Building a quantum link


As quantum systems develop, the next big leap is toward hybrid systems: quantum and classical computers working together. Researchers hope that these system-level quantum processors, or QPUs, will become powerful new accelerators.


Therefore, an important task ahead is to bridge the classical and quantum systems into a hybrid quantum computer. This task consists of two main parts.


First, we need to establish a fast, low-latency connection between the GPU and the QPU. This will allow the hybrid system to use the GPU for the tasks it traditionally excels at, such as circuit optimization, calibration, and error correction.


GPUs can shorten the execution time of these steps and significantly reduce the communication latency between classical and quantum computers, which is the main bottleneck facing hybrid quantum operations today.


Second, the industry needs a unified programming model with efficient and easy-to-use tools. Our experience in HPC and AI has taught us and our users the value of a solid software stack.


The right tool for the job


Currently, to program QPUs, researchers can only use the quantum equivalent of low-level assembly code, which is inaccessible to scientists who are not experts in quantum computing. In addition, developers lack a unified programming model and compiler toolchain, so they cannot run their work on any QPU.


This needs to change, and we believe it will. In a March blog post, we discussed some of our initial work toward a better programming model.

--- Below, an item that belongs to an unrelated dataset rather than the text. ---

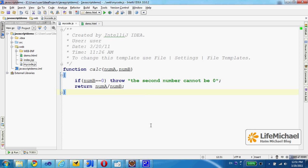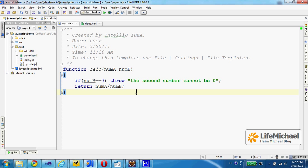In this code sample, the function CALC receives two numbers and calculates the result received when dividing the first number by the second number. If the second number is zero, then an exception is thrown with the message 'the second number cannot be zero.'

In order to efficiently find ways to accelerate work on quantum computers, scientists need to easily port parts of their HPC applications first to a simulated QPU and then to a real QPU. This process requires a compiler that allows scientists to work efficiently in a familiar way.


By bringing together GPU-accelerated simulation tools, programming models, and compiler toolchains, HPC researchers can begin building the hybrid quantum data centers of the future.


Getting Started


To some, quantum computing may sound like science fiction , decades in the future, but researchers are building more and larger quantum systems every year.


NVIDIA is fully engaged in this effort and invites you to join us to begin building the hybrid quantum systems of the future today.


To learn more, you can watch the GTC session and attend the ISC tutorial on the topic. For a deeper dive into how GPUs are used today, check out our State Vector and Tensor Networks libraries.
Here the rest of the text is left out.